#### Material shown:
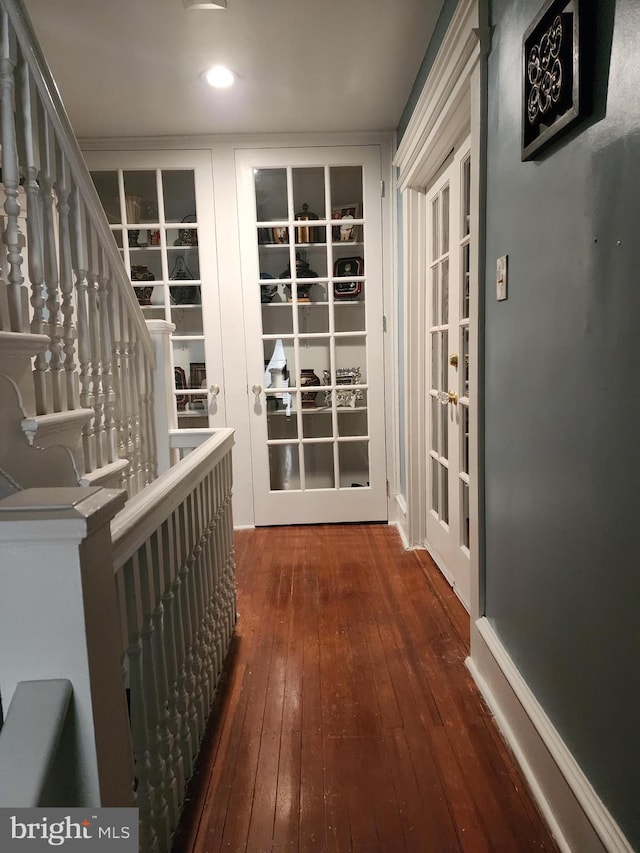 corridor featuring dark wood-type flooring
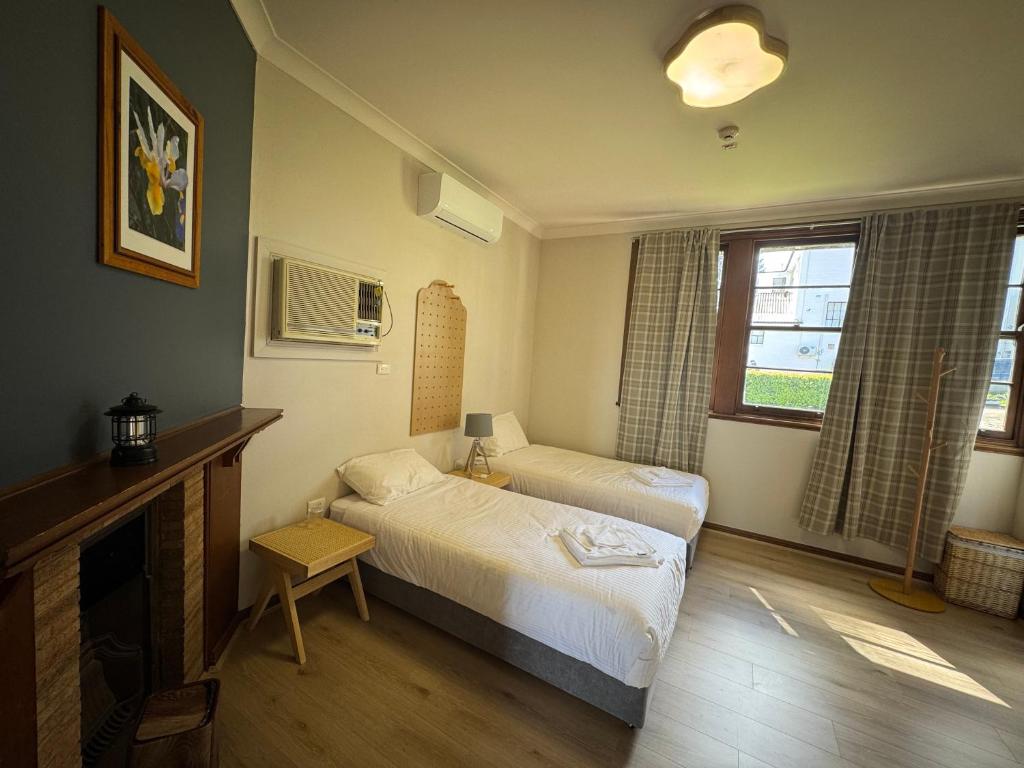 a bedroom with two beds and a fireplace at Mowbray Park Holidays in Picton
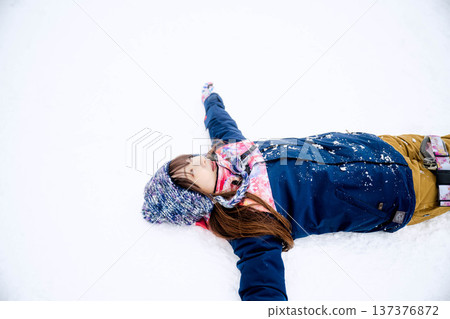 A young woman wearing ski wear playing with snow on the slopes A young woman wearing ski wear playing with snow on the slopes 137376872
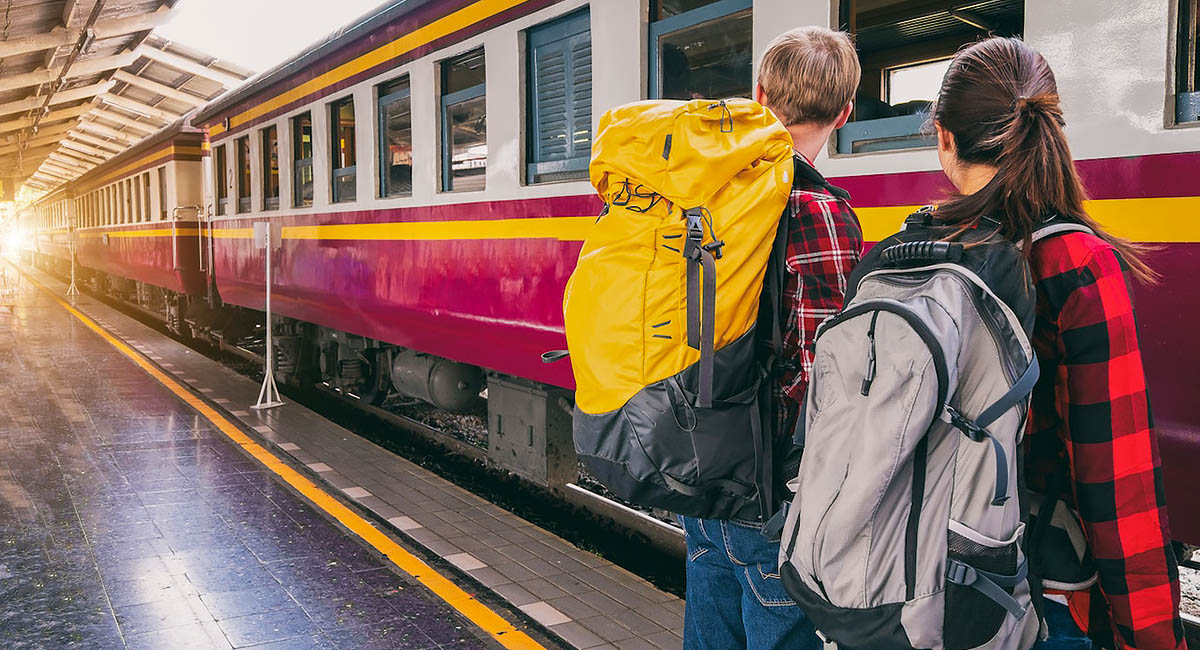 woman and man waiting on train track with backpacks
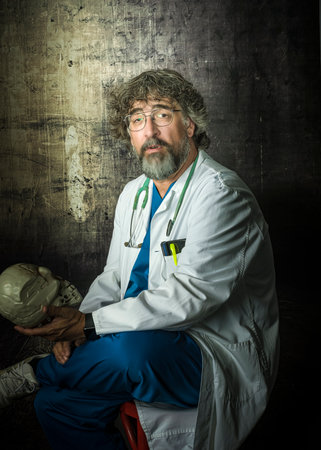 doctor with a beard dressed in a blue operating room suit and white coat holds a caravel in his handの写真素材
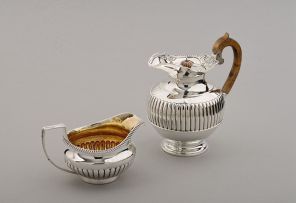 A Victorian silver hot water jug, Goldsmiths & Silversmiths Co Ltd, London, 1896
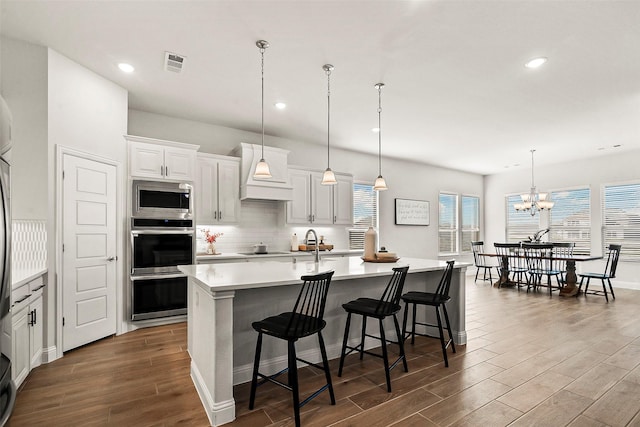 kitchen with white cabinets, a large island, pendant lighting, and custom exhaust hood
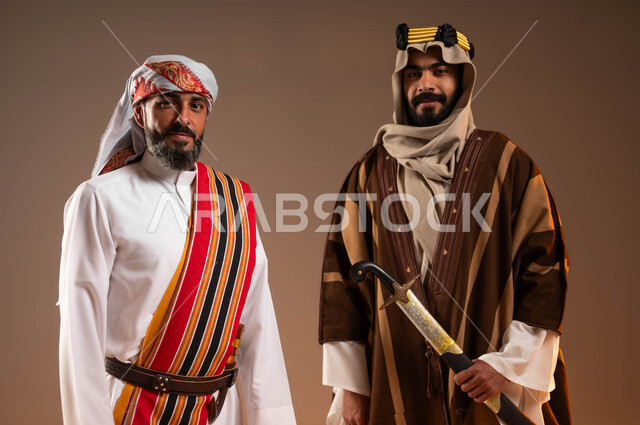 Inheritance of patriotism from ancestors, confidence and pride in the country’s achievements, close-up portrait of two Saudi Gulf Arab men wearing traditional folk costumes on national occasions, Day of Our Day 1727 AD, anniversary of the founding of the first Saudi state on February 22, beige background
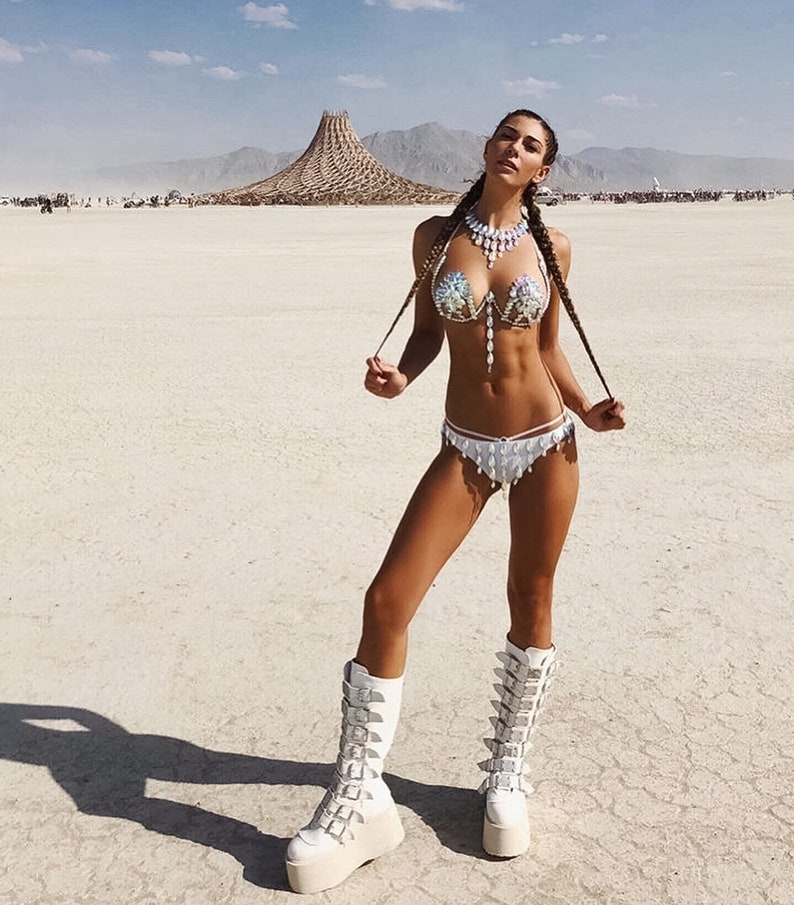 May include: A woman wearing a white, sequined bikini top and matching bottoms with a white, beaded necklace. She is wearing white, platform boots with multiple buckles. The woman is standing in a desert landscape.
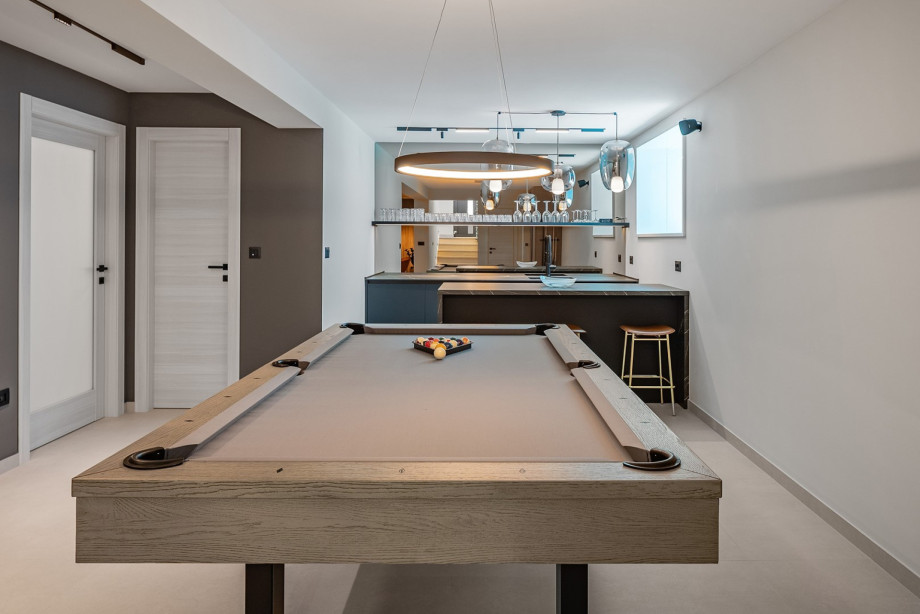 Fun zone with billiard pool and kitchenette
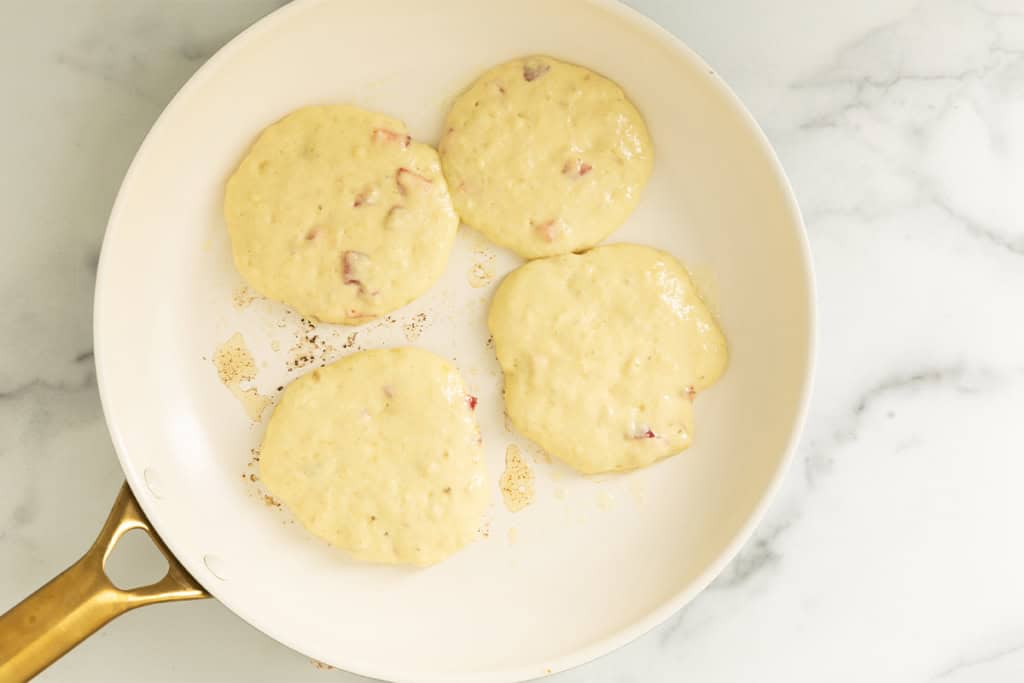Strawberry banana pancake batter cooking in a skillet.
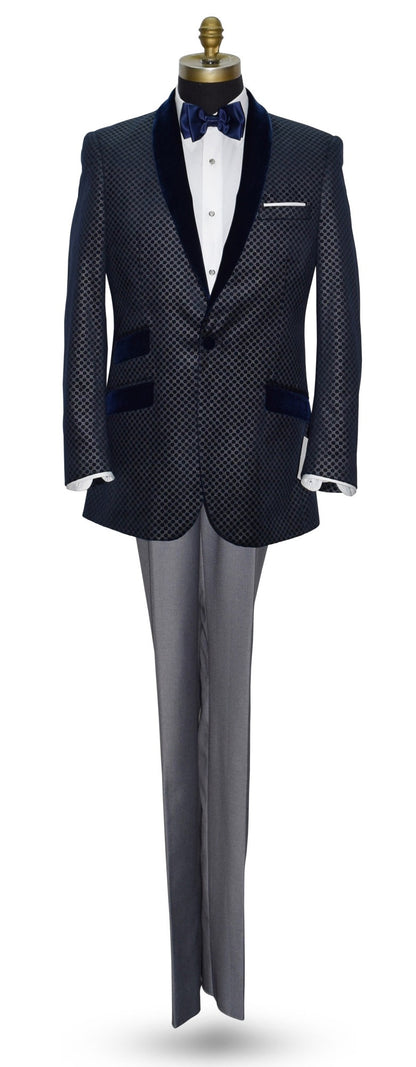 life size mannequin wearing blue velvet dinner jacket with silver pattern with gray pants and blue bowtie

#### Aim of the exercise:
From the line that includes "Fun zone with billiard pool and kitchenette" on down to the last line of the entries above, set down each line exactly, leaving out the pictures.

#### Task answer:
 Fun zone with billiard pool and kitchenette
Strawberry banana pancake batter cooking in a skillet.
 life size mannequin wearing blue velvet dinner jacket with silver pattern with gray pants and blue bowtie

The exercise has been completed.